My grandfather was a butcher. And though he has long since passed, I recall his passion for service and his love of animals, even though he thought that his obligation to the world was to use their flesh as food. The juxtaposition of a benign, kindly man flaying the flesh of an animal, their blood and sinew seeping onto the linoleum floor, transmuting their fat and muscle into the stuff of delicatessens and hors d’oeuvres for family gatherings, has not been lost on me. Today, I pursue animal welfare work as a matter of course with my duties as an Orthodox rabbi and a social justice activist.

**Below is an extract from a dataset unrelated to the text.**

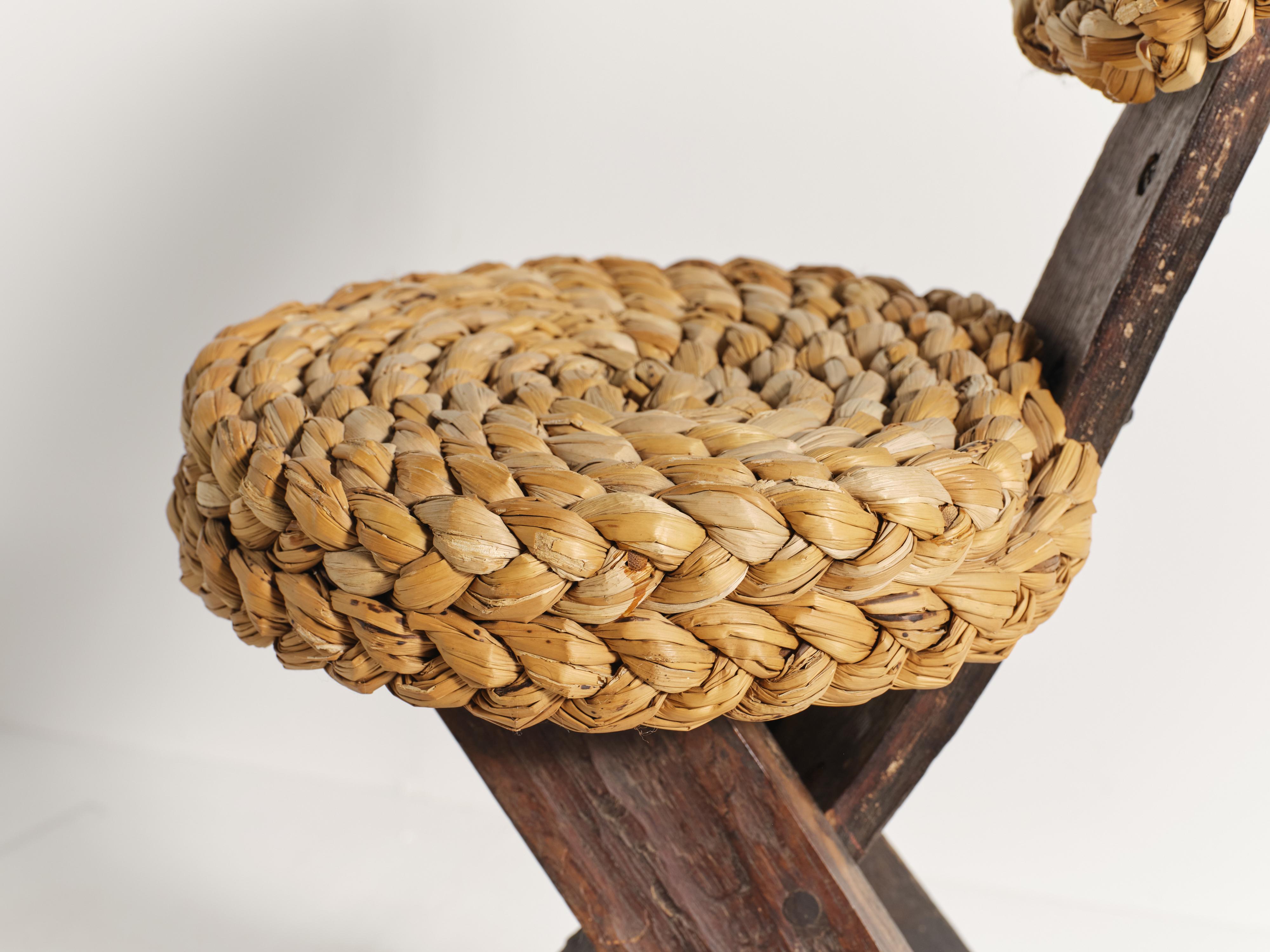 Sedia a corda tripode Audoux & Minet, Francia, anni '50 in vendita 8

In truth, I think of my grandfather often when engaging in both lines of vocation. None more so than last week, with the news that recently-introduced national slaughterhouse policies in Paraguay would phase out the use of the shackle and hoist method by the end of 2017 in their regular course of operation after undercover footage brought daylight to these disturbing practices. While the shackle and hoist method of slaughter is singularly brutal, why should a rabbi care about Paraguayan abattoir regulations? Because Paraguay is among the largest exporters of kosher meat to Israel, and while Israel bans the shackling and hoisting method within its borders, guidelines on the books are being enforced within Israel but are being ignored by Israeli authorities in foreign establishments outside of the country. And, unfortunately, imported beef in Israel today is the rule, not the exception. It is a lamentable statement on the kosher meat industry that the demand to satiate the taste for cheap steak, veal, and other products has created a cycle of deprivation, suffering, and extraordinary cruelty to innocent creatures.
What was once the purview of family or small-farm-owned operations has grown into an almost unstoppable behemoth of callousness towards God’s creatures. Industry officials have taken the position that kosher consumers would rather ignore the actuality of animals being mistreated as long as meat is cheap and available. They view their role as only improving accessibility to their “product.” This position is as religiously offensive as it is morally unsustainable.